(Source material Opens)

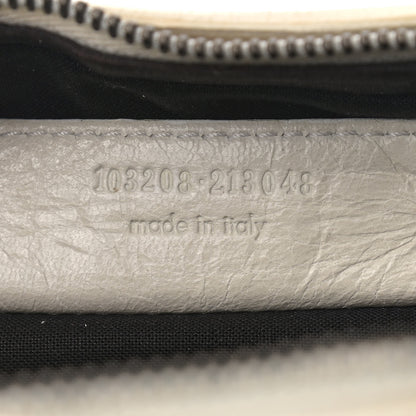 Balenciaga Chevre Classic Hardware First White 8 of 21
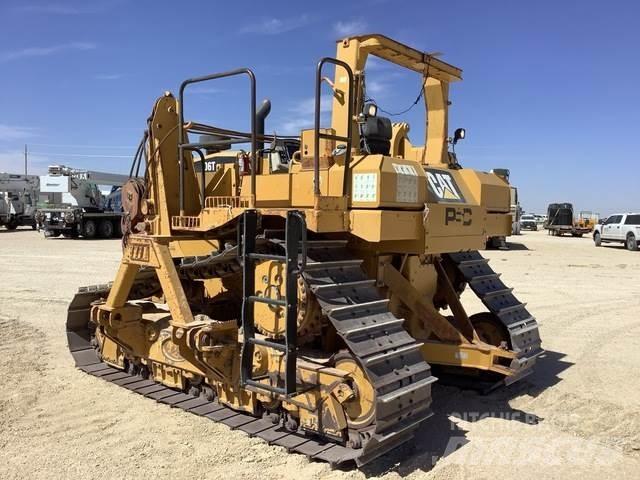 CAT D6TLGP Трубоукладчики
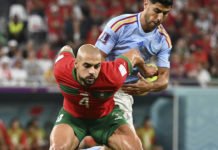 Tottenham prêt à débourser gros pour Sofyan Amrabat Sofyan Amrabat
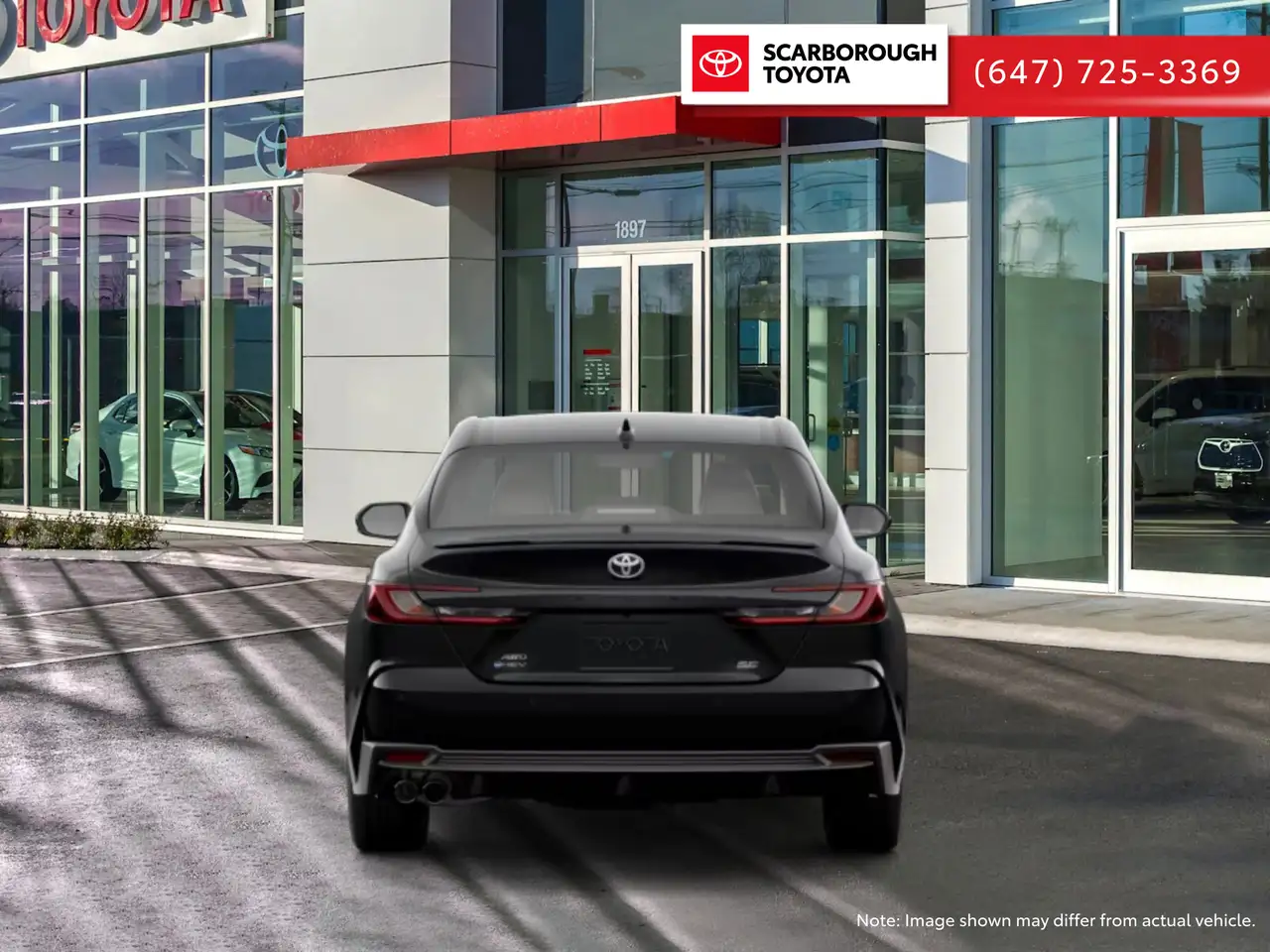 Toyota Camry снимка Toyota Camry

(Source material Closes)

> _What is required_
Could you transcribe exactly the lines running from the one with "Tottenham prêt à" to the final line of the material above, both included, with no pictures?

> _Exercise result_
 Tottenham prêt à débourser gros pour Sofyan Amrabat Sofyan Amrabat
 Toyota Camry снимка Toyota Camry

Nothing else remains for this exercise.